(Excerpts from a dataset)

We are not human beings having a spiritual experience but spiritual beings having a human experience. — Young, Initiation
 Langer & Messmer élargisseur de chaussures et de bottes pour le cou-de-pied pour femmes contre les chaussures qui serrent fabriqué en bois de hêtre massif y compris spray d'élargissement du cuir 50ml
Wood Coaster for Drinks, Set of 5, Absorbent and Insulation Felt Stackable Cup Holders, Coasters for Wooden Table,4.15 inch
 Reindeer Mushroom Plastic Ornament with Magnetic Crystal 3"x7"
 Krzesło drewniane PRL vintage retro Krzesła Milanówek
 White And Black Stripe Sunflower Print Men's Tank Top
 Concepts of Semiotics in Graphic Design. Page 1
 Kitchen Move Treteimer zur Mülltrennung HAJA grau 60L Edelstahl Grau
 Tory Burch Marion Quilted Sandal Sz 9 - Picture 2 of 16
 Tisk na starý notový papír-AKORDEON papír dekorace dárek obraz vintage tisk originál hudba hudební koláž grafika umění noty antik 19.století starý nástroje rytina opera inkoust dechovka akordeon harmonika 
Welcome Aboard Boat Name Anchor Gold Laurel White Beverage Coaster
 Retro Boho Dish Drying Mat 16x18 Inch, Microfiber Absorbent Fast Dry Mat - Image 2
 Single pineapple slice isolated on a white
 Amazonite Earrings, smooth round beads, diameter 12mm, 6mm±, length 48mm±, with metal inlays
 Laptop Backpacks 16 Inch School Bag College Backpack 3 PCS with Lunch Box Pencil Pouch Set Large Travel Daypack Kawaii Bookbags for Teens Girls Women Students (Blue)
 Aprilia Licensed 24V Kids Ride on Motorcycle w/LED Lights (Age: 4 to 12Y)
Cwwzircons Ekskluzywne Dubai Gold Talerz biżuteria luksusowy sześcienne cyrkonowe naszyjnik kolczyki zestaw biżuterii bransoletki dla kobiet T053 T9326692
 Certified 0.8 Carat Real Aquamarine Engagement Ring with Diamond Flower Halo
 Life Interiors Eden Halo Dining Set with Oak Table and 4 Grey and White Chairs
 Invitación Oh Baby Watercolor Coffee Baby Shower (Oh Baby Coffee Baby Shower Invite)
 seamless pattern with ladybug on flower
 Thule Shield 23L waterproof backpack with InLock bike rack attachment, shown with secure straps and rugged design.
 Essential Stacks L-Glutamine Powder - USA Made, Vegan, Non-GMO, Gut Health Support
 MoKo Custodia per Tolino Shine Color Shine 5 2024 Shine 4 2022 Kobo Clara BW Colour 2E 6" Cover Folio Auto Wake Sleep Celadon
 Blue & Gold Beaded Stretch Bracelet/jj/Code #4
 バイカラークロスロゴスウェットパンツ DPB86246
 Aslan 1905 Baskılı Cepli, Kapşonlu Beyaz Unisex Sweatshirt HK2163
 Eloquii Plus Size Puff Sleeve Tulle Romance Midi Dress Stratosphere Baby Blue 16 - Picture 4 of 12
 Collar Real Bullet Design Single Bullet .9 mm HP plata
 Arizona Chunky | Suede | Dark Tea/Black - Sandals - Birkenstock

About this exercise
Reproduce each line of the entries in which the word "Table" is found.

Solution to the problem
Wood Coaster for Drinks, Set of 5, Absorbent and Insulation Felt Stackable Cup Holders, Coasters for Wooden Table,4.15 inch
 Life Interiors Eden Halo Dining Set with Oak Table and 4 Grey and White Chairs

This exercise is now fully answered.